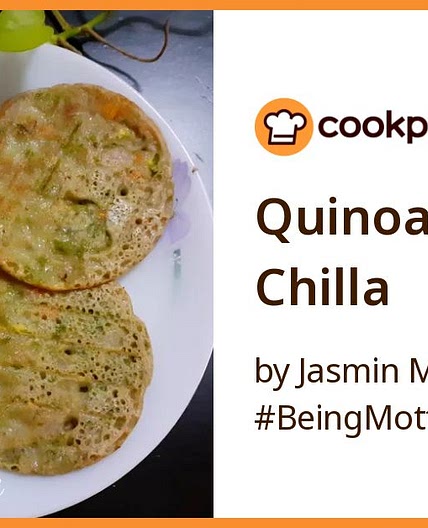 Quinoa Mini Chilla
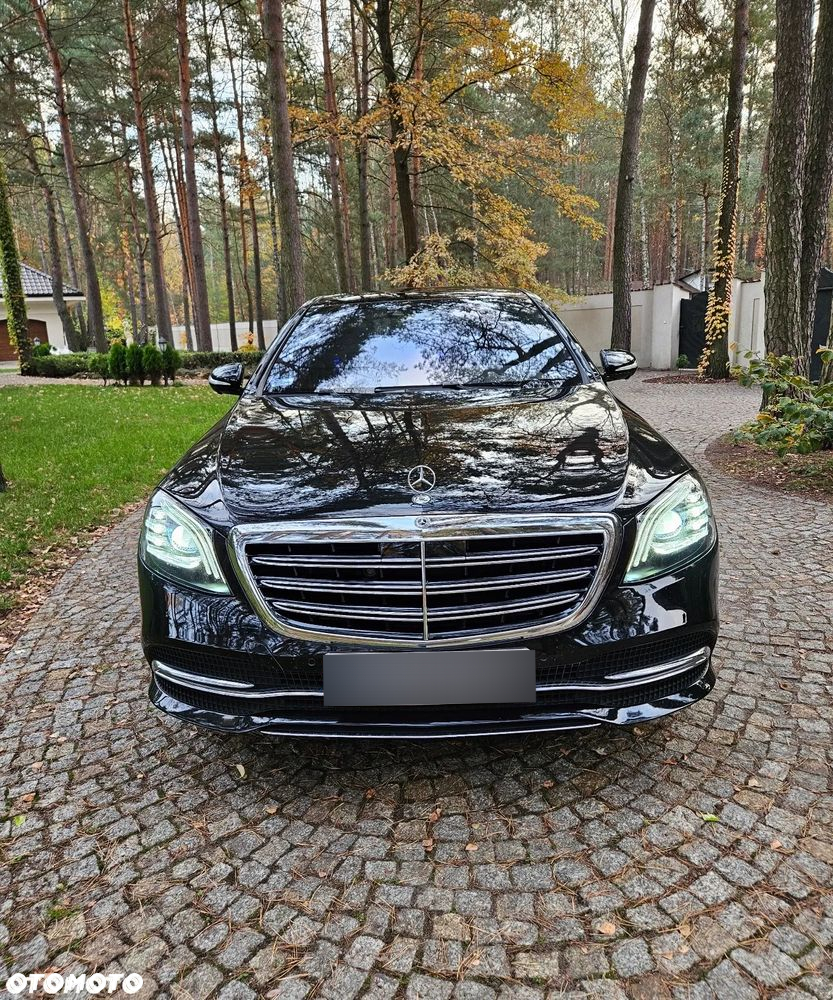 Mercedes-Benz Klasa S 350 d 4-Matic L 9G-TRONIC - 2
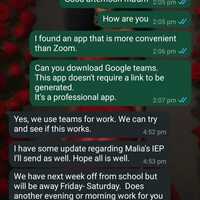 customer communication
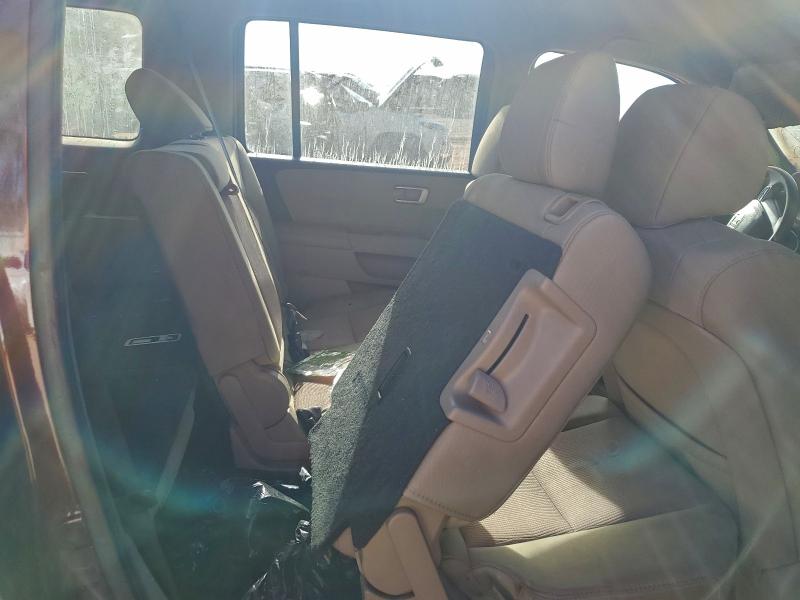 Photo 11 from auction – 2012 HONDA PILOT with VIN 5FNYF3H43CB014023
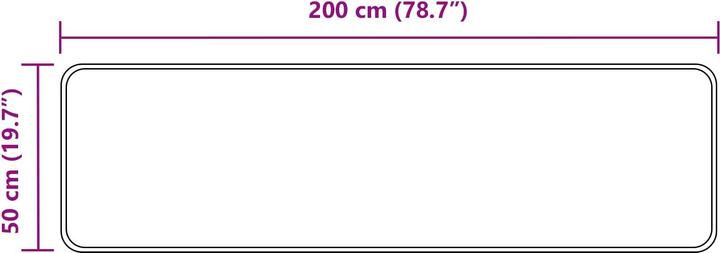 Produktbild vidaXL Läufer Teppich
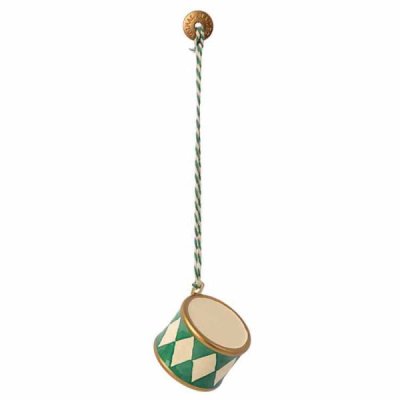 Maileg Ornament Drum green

________________

_Exercise requirements_
Repeat each entry exactly. Pictures do not belong in the copy.

_Completed exercise_
 Quinoa Mini Chilla
 Mercedes-Benz Klasa S 350 d 4-Matic L 9G-TRONIC - 2
 customer communication
 Photo 11 from auction – 2012 HONDA PILOT with VIN 5FNYF3H43CB014023
 Produktbild vidaXL Läufer Teppich
 Maileg Ornament Drum green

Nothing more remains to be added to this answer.